---------- Material provided

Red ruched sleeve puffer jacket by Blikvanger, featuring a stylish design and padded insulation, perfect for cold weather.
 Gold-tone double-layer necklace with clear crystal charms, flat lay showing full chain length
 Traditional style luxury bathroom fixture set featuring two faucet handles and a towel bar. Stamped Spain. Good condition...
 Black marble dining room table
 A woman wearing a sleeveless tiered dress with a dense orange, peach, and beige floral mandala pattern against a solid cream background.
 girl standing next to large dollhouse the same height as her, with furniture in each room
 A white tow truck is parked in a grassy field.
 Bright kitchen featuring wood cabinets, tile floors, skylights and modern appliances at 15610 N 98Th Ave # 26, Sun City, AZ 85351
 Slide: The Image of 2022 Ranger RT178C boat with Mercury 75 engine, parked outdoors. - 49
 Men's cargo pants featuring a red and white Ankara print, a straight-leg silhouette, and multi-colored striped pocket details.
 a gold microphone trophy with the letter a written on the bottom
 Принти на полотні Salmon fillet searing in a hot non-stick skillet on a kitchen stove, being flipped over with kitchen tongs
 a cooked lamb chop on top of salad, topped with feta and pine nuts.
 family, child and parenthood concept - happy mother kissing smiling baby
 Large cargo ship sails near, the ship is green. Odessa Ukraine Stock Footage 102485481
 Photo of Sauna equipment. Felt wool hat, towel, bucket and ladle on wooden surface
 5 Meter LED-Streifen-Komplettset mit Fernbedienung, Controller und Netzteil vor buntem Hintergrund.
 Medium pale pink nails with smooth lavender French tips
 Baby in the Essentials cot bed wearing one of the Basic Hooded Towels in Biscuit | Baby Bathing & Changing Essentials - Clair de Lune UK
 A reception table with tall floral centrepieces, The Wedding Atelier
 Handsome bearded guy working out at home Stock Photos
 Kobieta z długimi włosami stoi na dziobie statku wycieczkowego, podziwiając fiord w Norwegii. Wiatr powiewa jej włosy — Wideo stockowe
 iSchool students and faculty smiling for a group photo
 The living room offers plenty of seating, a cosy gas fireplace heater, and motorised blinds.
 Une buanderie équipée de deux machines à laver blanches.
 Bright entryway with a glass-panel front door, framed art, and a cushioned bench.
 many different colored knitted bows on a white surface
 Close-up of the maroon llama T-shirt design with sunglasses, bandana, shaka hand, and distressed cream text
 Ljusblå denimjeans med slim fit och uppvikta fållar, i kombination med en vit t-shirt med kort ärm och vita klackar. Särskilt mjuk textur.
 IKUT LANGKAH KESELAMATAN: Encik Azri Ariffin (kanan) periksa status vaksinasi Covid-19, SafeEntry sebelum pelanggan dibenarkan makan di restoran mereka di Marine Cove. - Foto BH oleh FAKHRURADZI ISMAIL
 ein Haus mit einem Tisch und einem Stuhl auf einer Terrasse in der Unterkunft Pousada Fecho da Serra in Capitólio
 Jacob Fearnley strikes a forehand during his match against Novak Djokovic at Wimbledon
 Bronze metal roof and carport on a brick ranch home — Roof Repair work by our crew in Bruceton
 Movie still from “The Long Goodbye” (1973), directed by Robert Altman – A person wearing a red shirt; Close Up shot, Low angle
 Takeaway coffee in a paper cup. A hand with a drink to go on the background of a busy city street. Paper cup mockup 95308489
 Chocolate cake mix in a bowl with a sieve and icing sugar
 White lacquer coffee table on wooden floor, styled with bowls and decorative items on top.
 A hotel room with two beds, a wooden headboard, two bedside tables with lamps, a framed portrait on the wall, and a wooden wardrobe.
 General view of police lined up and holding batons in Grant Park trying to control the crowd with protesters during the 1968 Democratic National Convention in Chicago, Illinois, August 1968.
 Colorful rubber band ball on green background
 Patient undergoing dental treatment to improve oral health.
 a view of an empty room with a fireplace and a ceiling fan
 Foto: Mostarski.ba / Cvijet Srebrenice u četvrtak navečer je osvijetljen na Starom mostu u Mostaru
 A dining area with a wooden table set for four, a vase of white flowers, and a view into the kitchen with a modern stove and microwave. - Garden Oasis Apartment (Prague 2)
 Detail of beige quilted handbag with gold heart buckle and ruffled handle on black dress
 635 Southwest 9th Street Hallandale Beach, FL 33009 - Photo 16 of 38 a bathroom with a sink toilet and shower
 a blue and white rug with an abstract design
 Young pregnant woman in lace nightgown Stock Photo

--------------------

Exercise requirements
Keeping every line exactly as it is, copy all the records.

Answer to this exercise
Red ruched sleeve puffer jacket by Blikvanger, featuring a stylish design and padded insulation, perfect for cold weather.
 Gold-tone double-layer necklace with clear crystal charms, flat lay showing full chain length
 Traditional style luxury bathroom fixture set featuring two faucet handles and a towel bar. Stamped Spain. Good condition...
 Black marble dining room table
 A woman wearing a sleeveless tiered dress with a dense orange, peach, and beige floral mandala pattern against a solid cream background.
 girl standing next to large dollhouse the same height as her, with furniture in each room
 A white tow truck is parked in a grassy field.
 Bright kitchen featuring wood cabinets, tile floors, skylights and modern appliances at 15610 N 98Th Ave # 26, Sun City, AZ 85351
 Slide: The Image of 2022 Ranger RT178C boat with Mercury 75 engine, parked outdoors. - 49
 Men's cargo pants featuring a red and white Ankara print, a straight-leg silhouette, and multi-colored striped pocket details.
 a gold microphone trophy with the letter a written on the bottom
 Принти на полотні Salmon fillet searing in a hot non-stick skillet on a kitchen stove, being flipped over with kitchen tongs
 a cooked lamb chop on top of salad, topped with feta and pine nuts.
 family, child and parenthood concept - happy mother kissing smiling baby
 Large cargo ship sails near, the ship is green. Odessa Ukraine Stock Footage 102485481
 Photo of Sauna equipment. Felt wool hat, towel, bucket and ladle on wooden surface
 5 Meter LED-Streifen-Komplettset mit Fernbedienung, Controller und Netzteil vor buntem Hintergrund.
 Medium pale pink nails with smooth lavender French tips
 Baby in the Essentials cot bed wearing one of the Basic Hooded Towels in Biscuit | Baby Bathing & Changing Essentials - Clair de Lune UK
 A reception table with tall floral centrepieces, The Wedding Atelier
 Handsome bearded guy working out at home Stock Photos
 Kobieta z długimi włosami stoi na dziobie statku wycieczkowego, podziwiając fiord w Norwegii. Wiatr powiewa jej włosy — Wideo stockowe
 iSchool students and faculty smiling for a group photo
 The living room offers plenty of seating, a cosy gas fireplace heater, and motorised blinds.
 Une buanderie équipée de deux machines à laver blanches.
 Bright entryway with a glass-panel front door, framed art, and a cushioned bench.
 many different colored knitted bows on a white surface
 Close-up of the maroon llama T-shirt design with sunglasses, bandana, shaka hand, and distressed cream text
 Ljusblå denimjeans med slim fit och uppvikta fållar, i kombination med en vit t-shirt med kort ärm och vita klackar. Särskilt mjuk textur.
 IKUT LANGKAH KESELAMATAN: Encik Azri Ariffin (kanan) periksa status vaksinasi Covid-19, SafeEntry sebelum pelanggan dibenarkan makan di restoran mereka di Marine Cove. - Foto BH oleh FAKHRURADZI ISMAIL
 ein Haus mit einem Tisch und einem Stuhl auf einer Terrasse in der Unterkunft Pousada Fecho da Serra in Capitólio
 Jacob Fearnley strikes a forehand during his match against Novak Djokovic at Wimbledon
 Bronze metal roof and carport on a brick ranch home — Roof Repair work by our crew in Bruceton
 Movie still from “The Long Goodbye” (1973), directed by Robert Altman – A person wearing a red shirt; Close Up shot, Low angle
 Takeaway coffee in a paper cup. A hand with a drink to go on the background of a busy city street. Paper cup mockup 95308489
 Chocolate cake mix in a bowl with a sieve and icing sugar
 White lacquer coffee table on wooden floor, styled with bowls and decorative items on top.
 A hotel room with two beds, a wooden headboard, two bedside tables with lamps, a framed portrait on the wall, and a wooden wardrobe.
 General view of police lined up and holding batons in Grant Park trying to control the crowd with protesters during the 1968 Democratic National Convention in Chicago, Illinois, August 1968.
 Colorful rubber band ball on green background
 Patient undergoing dental treatment to improve oral health.
 a view of an empty room with a fireplace and a ceiling fan
 Foto: Mostarski.ba / Cvijet Srebrenice u četvrtak navečer je osvijetljen na Starom mostu u Mostaru
 A dining area with a wooden table set for four, a vase of white flowers, and a view into the kitchen with a modern stove and microwave. - Garden Oasis Apartment (Prague 2)
 Detail of beige quilted handbag with gold heart buckle and ruffled handle on black dress
 635 Southwest 9th Street Hallandale Beach, FL 33009 - Photo 16 of 38 a bathroom with a sink toilet and shower
 a blue and white rug with an abstract design
 Young pregnant woman in lace nightgown Stock Photo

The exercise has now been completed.